The string segment match algorithm computes a set of metrics - the string segment match metrics - intended to capture all the information about how well a query string matches a field string, which is useful for document ranking in search, from the limited information usually available during matching in search engines.
The algorithm works by locating segments, which are local regions in the field which contain one or more adjacent terms of the query. All segment start points in the field are explored, and the ones which produce the best overall segmentation are chosen. Informally, a segmentation is good if it contains few segments with the query matches close together. Example:
Here two segments are found to cover the query. An alternative second segment is also found, but is discarded because it has inferior query term proximity. The other lone "Bush" instance is never considered because there is no segmentation causing "Bush" to be a segment start token (i.e. there is no lone "George").
A subset of the metrics are computed from the tokens within located segments, while another subset of metrics characterizes the number and placement of the segments themselves. This allows the metrics to reflect the property of natural language that tokens which are close are often part of the same meaning (typically as parts of the same sentence) while somewhat more distant tokens are only weakly related.
Queries typically consists of multiple intended segments, where each segment is continuous and in order, while the ordering between the segments is of little significance (although the more important segments tend to come first).
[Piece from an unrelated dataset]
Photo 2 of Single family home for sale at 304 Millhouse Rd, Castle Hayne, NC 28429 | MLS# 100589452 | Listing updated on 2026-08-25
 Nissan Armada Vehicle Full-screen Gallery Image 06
By matching the query in term order to the best and fewest segments of the field, this algorithm makes use of the available field data to discover the likely query segmentation from the evidence. Explicit segmentation information can also be used in the form of connectivity scores which influences the segment scores and thus the chosen segments.
The information used by this algorithm to calculate these metrics is (the last three are optional):
The algorithm locates segments from a given start query term as follows:
i = the position of the first query term j = the position of the first match of the query term at i while (i < query.length) { nextJ = the first location of query term i+1 at most proximityLimit steps to the right of j if (nextJ not found) nextJ = the first location query term i+1 at most proximityLimit steps to the left backwards of j if (nextJ is found) { // Find next token in this segment i = i+1 j = nextJ } else { nextJ = the first location of query term i+1 at any location to the right forwards from j if (nextJ not found) nextJ = the first location of query term i+1 at any location to the left backwards from j if (nextJ not found) { // Skip a non-existing query term i = i+1 } else { // End of segment return i,j as the segment end } } }
So a segment is a set of terms in the field which corresponds to an adjacent subsection of query
terms where the gap between any adjacent query term in the field is at most proximityLimit
forwards or backwards, and where query terms not present in the field are ignored.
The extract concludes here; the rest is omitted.